Running PROCEDURE ANALYSE() works a treat (see below) although I found that in MySQLWorkbench I needed to follow these simple instructions to get the right result. In my version (Community 6.0) you need to look in the ‘SQL Queries’ tab in Preferences not SQL Editor.
CHAR(7) NOT NULL
ENUM(’10’,’30’,’50’) NOT NULL
MEDIUMINT(6) UNSIGNED NOT NULL
MEDIUMINT(6) UNSIGNED NOT NULL
ENUM(‘E92000001’) NOT NULL
ENUM(‘E19000003’) NOT NULL
ENUM(‘E18000007’) NOT NULL
CHAR(0) NOT NULL
Anyway it works.
Which means I can now get on with the real business of analysing the data.
How best to analyse and visualise the 1,378 A4 pages of court case transcript?
I know the story within these 1,378 pages better than most. My task is to extract the story and turn it into something that explains the story to others.
I consider myself lucky that I have the transcript as it is a précis of a protracted and involved tale. OK, it’s a long précis but it is still a précis.
Each of the 30 days of the court case give me a base structure as a timeline. The witness testimony gives another level of granularity. The names, places and organisations that each witness mentions provides a way to create links (‘edges’) between the different actors (‘nodes’).
I have already undertaken some basic semi-automatic data scrubbing of the original Word documents, converting these into text files and then creating a PDF of each file and then creating a compound document of all the resulting PDFs. Huh? Why bother doing that?
I have been exploring the potential benefits of DocumentCloud and if you give DocumentCloud a single PDF it will treat each page within the PDF as a separate document and generate timelines for all people, places and other entities using the OpenCalais system.
I discovered DocumentCloud through using the Knight Foundation’s Overview system. You can automatically import DocumentCloud into Overview and so take advantage of the benefits of both. So I urge you to go get accounts sorted with both and see what you can do. The staff at Overview and DocumentCloud are super helpful.
Before I uploaded the transcript into these systems I spent some time looking at tagging options and desperately trying to remember the SGML project I undertook a couple of decades back – yes before I even knew HTML existed. Fortunately DocumentCloud does much of the tagging legwork for you so no need to hack another SGML editor.
But I keep coming back to the quality of the data. Which is what any data driven journalism project relies on. Good old fashioned clean data.
Sure the results given by Overview and DocumentCloud are better if I had uploaded Word files (eek!). But looking at the resulting text I know it could be better still and at a level where it could then be used as a data structure foundation on which to build to useful computational structures.
Possibly because I know the real story currently hidden in the text I am anxious to generate the best possible narrative.
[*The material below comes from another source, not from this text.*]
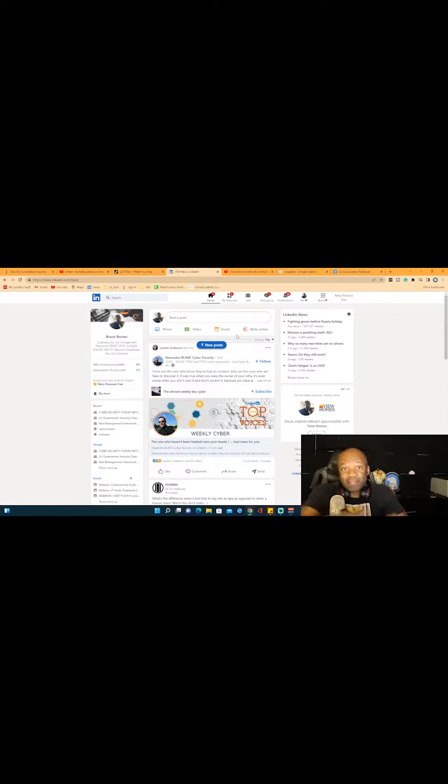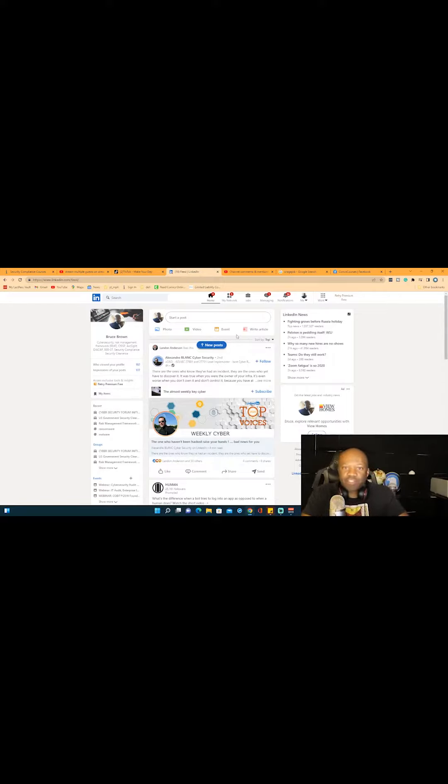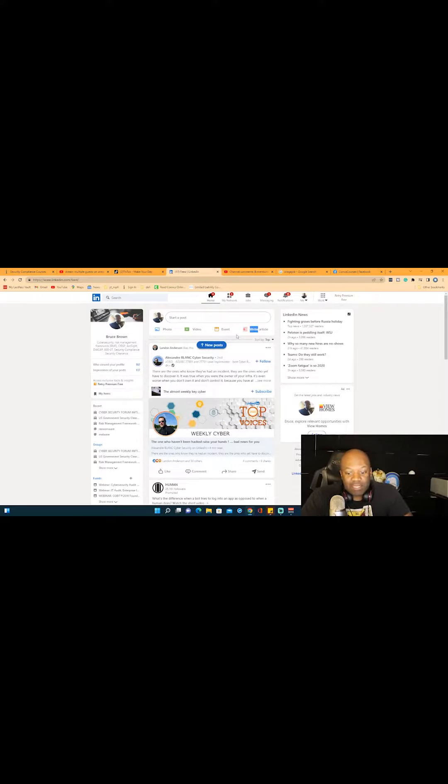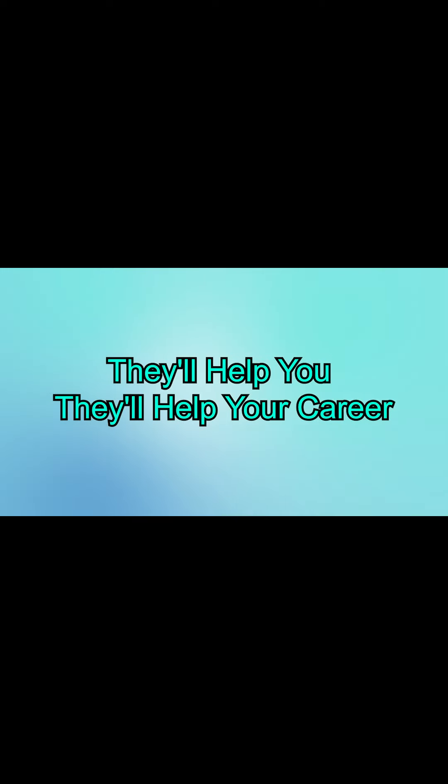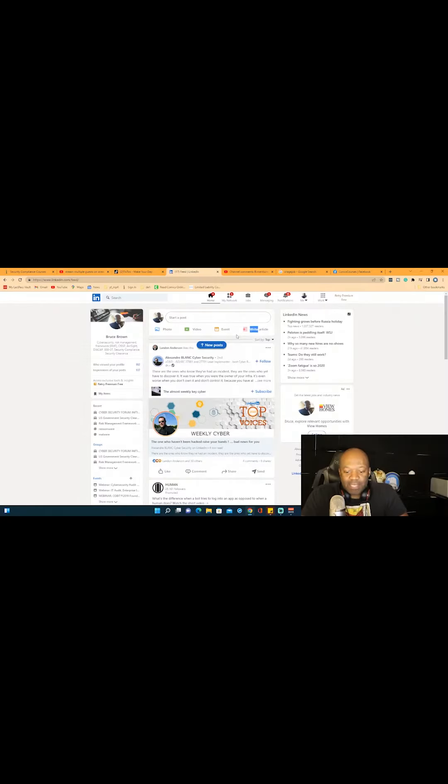They'll bring you in and then they'll teach you and give you a lot of on-the-job training, and that is super valuable. I've had that happen to me several times. That's the thing—if you tell the truth, sometimes they'll help you, they'll help your career.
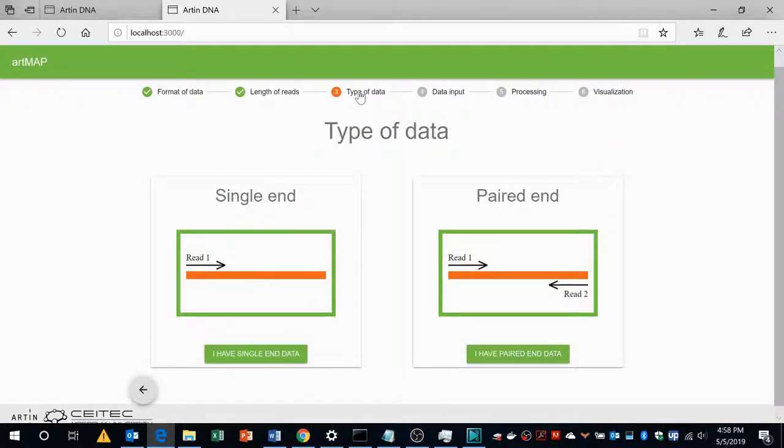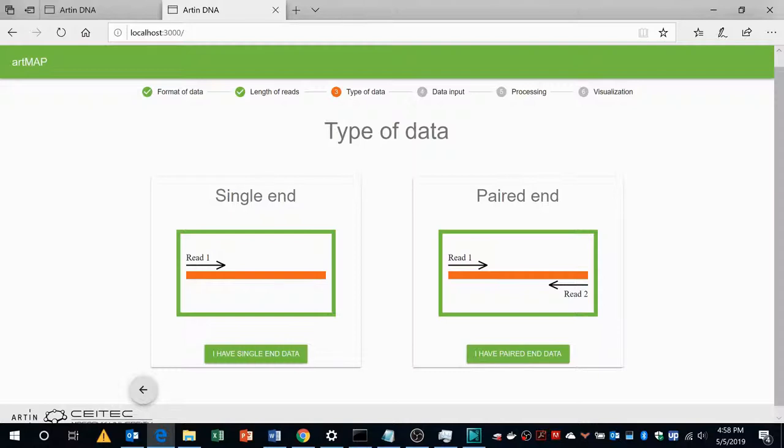And then it will ask about the type of data. Data can be paired end as well as single end. In our case it is a single end data set so I will choose single end.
I make no apologies for thinking about any dataset as being one big list. That’s what an A.I. degree does for you. And I can see the one big list being nicely parsed and imported into MySQL – then it can be used for all sorts of things.
Patience has never been a virtue of mine and so I have spent several days trying to dodge the reality that before the data can become useful I really need to fire up Python and get the transcript text 100% clean and then properly structured.
First off just a simple lexical analysis. Down the road possibly some limited semantic analysis. But the reality is that any elegant data visualisation always needs a clean dataset.
So that’s me in Python land for a couple of weeks. I know I still have it easy as much of the transcript is of the form:
19 Q: Did you do this naughty thing?
20 A: No I did not do that naughty thing, honest.
21 Q: Are you sure?
22 A: Oh yes, on my life guvnor!
Stripping the line numbers is hardly a big issue although I am in no way a Regex expert. I do have a book on that very subject I got for Christmas though.
But I want to be hacking D3 loveliness right now!
So the workflow at the moment looks like it will be the usual:
Python + Regex -> MySQL -> D3 -> End product(s).
[Note: I am now using a very nice clean and simple product called iA Writer for all my writing needs. iA Writer just lets you write stuff with no Mr. Paperclip nonsense and it is also a great way to get up to speed with markdown. Highly recommended.]
Simple. The core subject is too complex to explain in one visualisation.
The data for all three is slightly different but overlaps.
Also as I am not, the last time I checked, a national newsroom, I don’t really have the luxury of devoting lots of time to experimenting with sophisticated D3 work.
The story needs to be covered as it breaks and the data becomes available and or makes sense.
Most importantly any data visualisation needs to be appropriate for the intended audience. The people who are most interested in the grant funding issue are Tower Hamlets residents (‘cos it’s their money) and it does not need extensive user testing to discover that they just want something to look at and get the story.
Down the road, time and circumstances permitting, I may come back to this specific issue and see what else I can do with it.
But for the moment I have other data stories to work on.